Как раз в это самое время вышел приказ министра внутренних дел, запрещающий ссыльным отлучаться за черту города. Одна из ссыльных, Эвелина Улановская, уговорилась с двумя подругами в знак протеста против этого приказа устроить загородную прогулку. Сели они в лодку и поплыли по Водле за грибами. Как только они набрали грибов, их арестовала инвалидная команда, посланная за беглянками уездным исправником. То есть сначала произошло сражение между тремя отважными революционерками и инвалидной командой – девушки забросали служителей правопорядка собранными грибами (времена были настолько вегетарианскими, что в полицию бросались грибами), а уж потом их арестовали, посадили в лодку и вернули в Пудож. В городе их приключения не кончились – группа ссыльных попыталась отбить их у инвалидной команды. Тогда вызвали солдат, и девушек вместе с частью их освободителей снова арестовали. Кончилось все для ссыльных не так весело, как начиналось – Эвелина Улановская уехала в новую ссылку в Вятскую губернию, один из освобождавших девушек ссыльных поехал в Архангельскую губернию, а другой – в Восточную Сибирь. Всю эту историю сами ссыльные стали называть «грибным бунтом». И еще. Улановская вела обширную переписку с писателем Короленко и стала прототипом ссыльной Морозовой в его очерке «Чудная». Современному читателю это ни о чем не говорит, поскольку он, скорее всего, не читал этого очерка, да и самого писателя Короленко вряд ли вспомнит, но… Пудож – не столица и даже не Петрозаводск – сюда не ссылали прототипов ни Анны Карениной, ни Андрея Болконского, ни даже Каштанки.
Одно время в Пудоже образовался даже народнический кружок, которым руководил Павел Князевский, сосланный после грибного бунта в Архангельскую губернию.
На смену народникам в начале двадцатого века пришли (вернее, их прислали) ссыльные социал-демократы, организовавшие в 1903 году в Пудоже свой кружок. Эти чтением запрещенных стихов Некрасова не ограничивались и стали куда активнее народников привлекать местное население к своей работе. Членами кружка были и учителя, и местные служащие, и портной. Был у них свой человек в уездной больнице – фельдшер Тушовская, которая, вместе с еще одним членом кружка, читала выздоравливающим крестьянам нелегальную литературу и вела разговоры с ними на политические темы. Один из крестьян так наслушался большевистских прокламаций и разговоров, что по выходе из больницы стал вести антирелигиозную пропаганду и распространять нелегальную литературу, которой его предусмотрительно снабдили в больнице агитаторы.
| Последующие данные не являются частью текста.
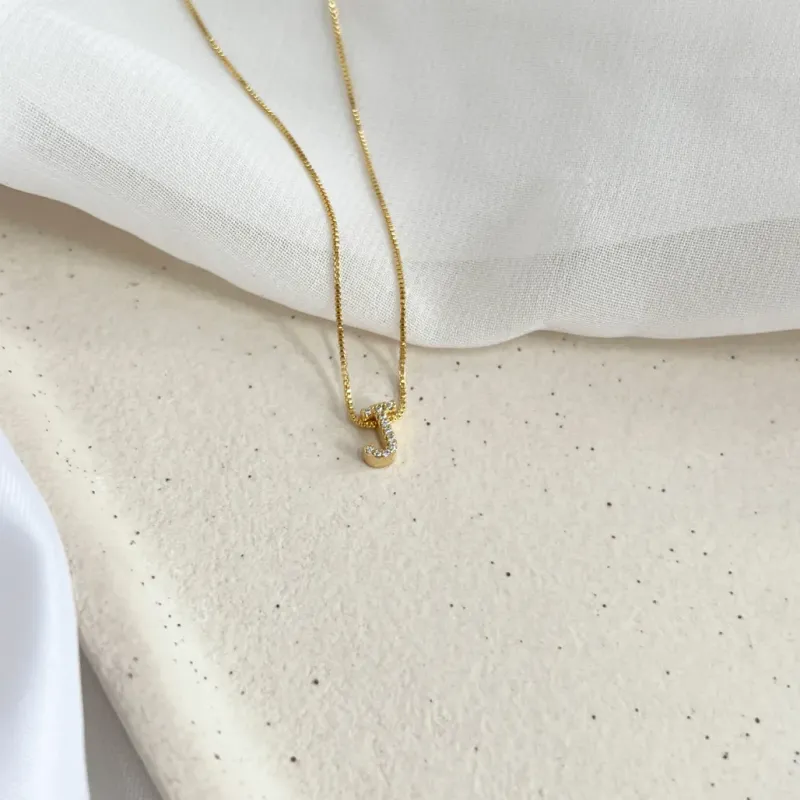 COLAR MINI LETRA CRAVEJADA MICRO ZIRCONIAS - J
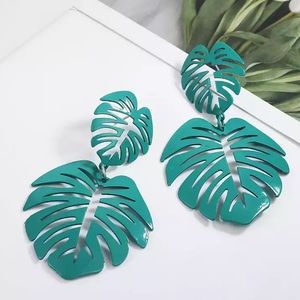 🐷 Large Monstera Leaf Earrings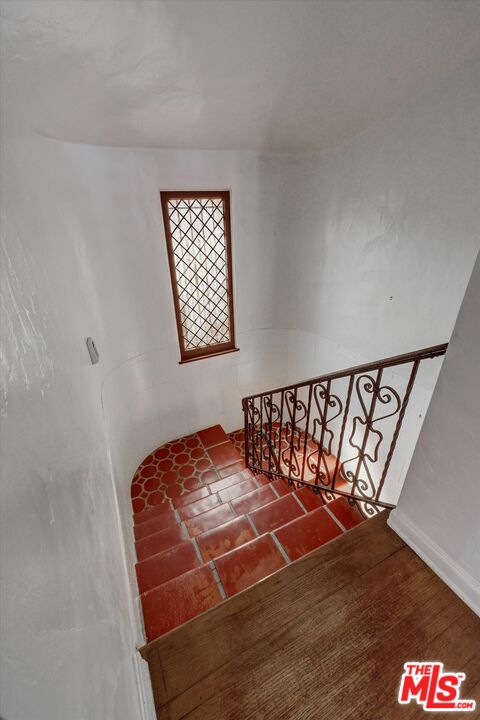 6220 Warner Drive Los Angeles, CA 90048 - Photo 27 of 44 a bed sitting in a bedroom next to a wall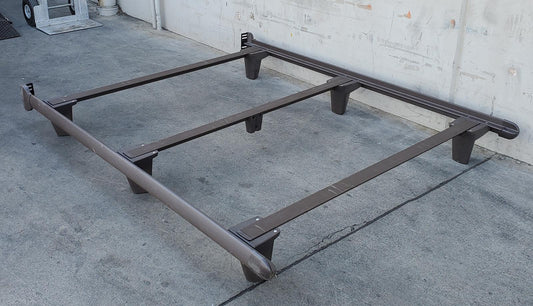Metal queen size bedframe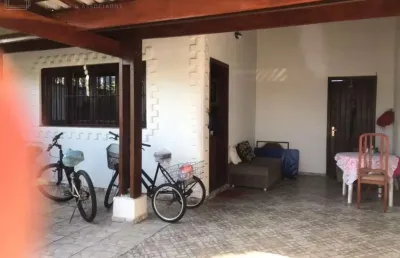 Casa independente próxima a praia da enseada no centro de bertioga com 03 dormitórios.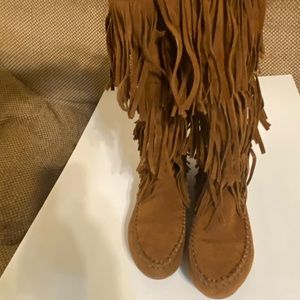 Hot Tomatoe Full Fringe Moccasin boots brown faeux suede size 8m Elk river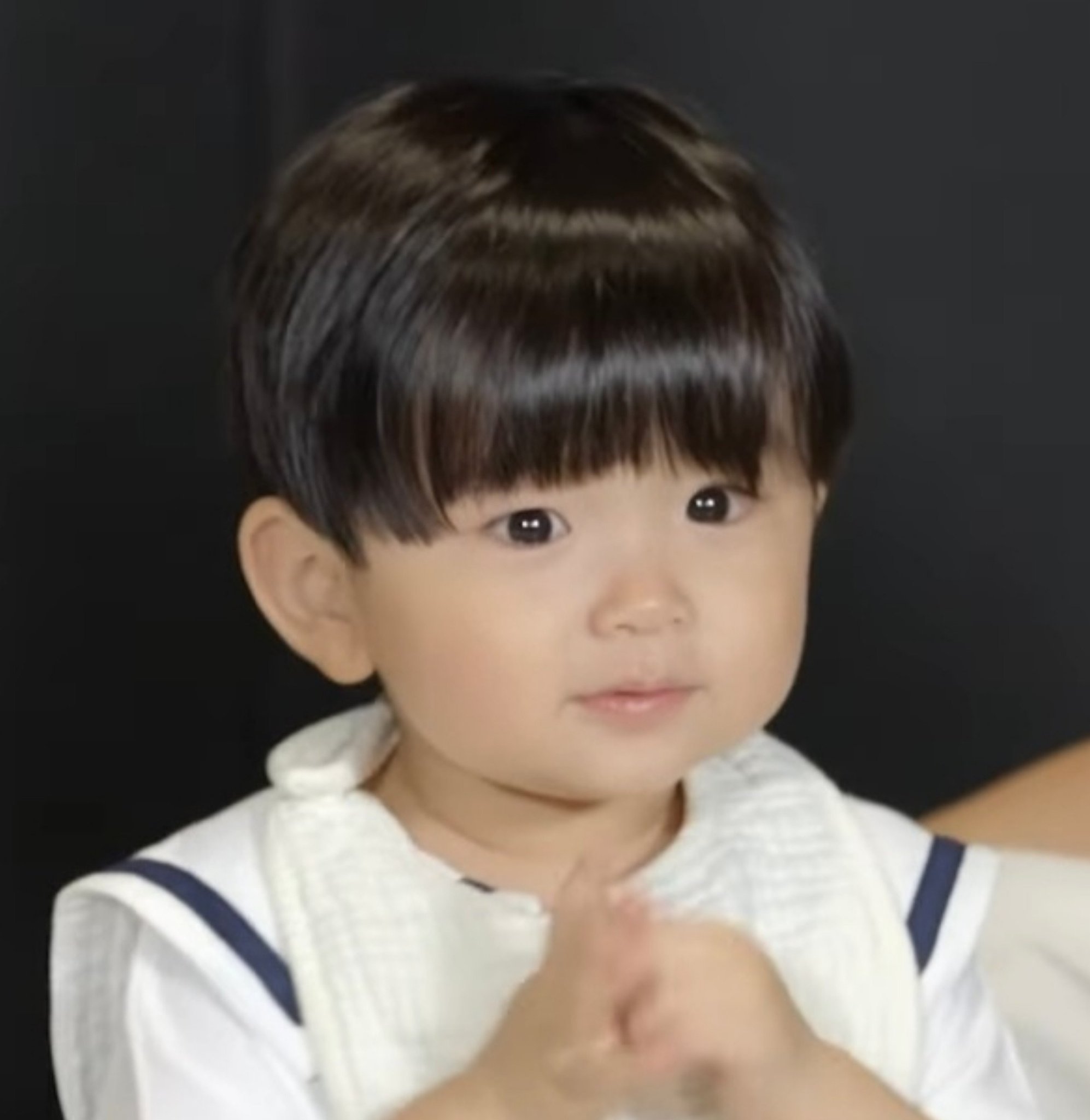 [잡담] 유준이 언제 아기에서 (아주 조금) 어린이가 됐지.. | 인스티즈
Другой крестьянин стал говорить… Через год кружок власти ликвидировали, и еще через год… прислали в Пудож новую партию ссыльных, которые устроили в Пудоже первую политическую демонстрацию – в конце января 1905 года девять ссыльных вместе с женами надели на рукава траурные повязки с красной каймой в память о жертвах расстрела Девятого января, построились парами и прошлись по главной улице от полицейского управления до Троицкой церкви. Полиция сорвала с трех демонстрантов траурные повязки, а одного из них арестовала. Возмущенные действиями полиции ссыльные на следующий день заявились с протестом к уездному исправнику. Они не просто пришли к исправнику – у каждого на рукаве была красная траурная повязка. Исправник рвал и метал – требовал прекратить ношение повязок, грозился лишить ссыльных выдаваемого казенного пособия и разослать их по самым глухим деревням Пудожского уезда. Через четыре дня начальник олонецкого губернского жандармского управления полковник Шафалович доносил в департамент полиции, что, несмотря на принятые меры, ссыльные траур не сняли. Как подумаешь… как сравнишь 1905 год, к примеру, с 1962-м или с 2019-м… О демонстрации в Пудоже в марте того же года писала большевистская газета «Вперед», издаваемая в Женеве.
И еще. Уже в 1960-х годах в Пудожский музей принесли доску от обычного комода, которую ссыльные исписали словами из революционных песен: «Трудно, трудно нам живется на Руси родной. Каждый шаг нам достается кровью и борьбой» или «Отречемся от старого мира, отряхнем его прах с наших ног…».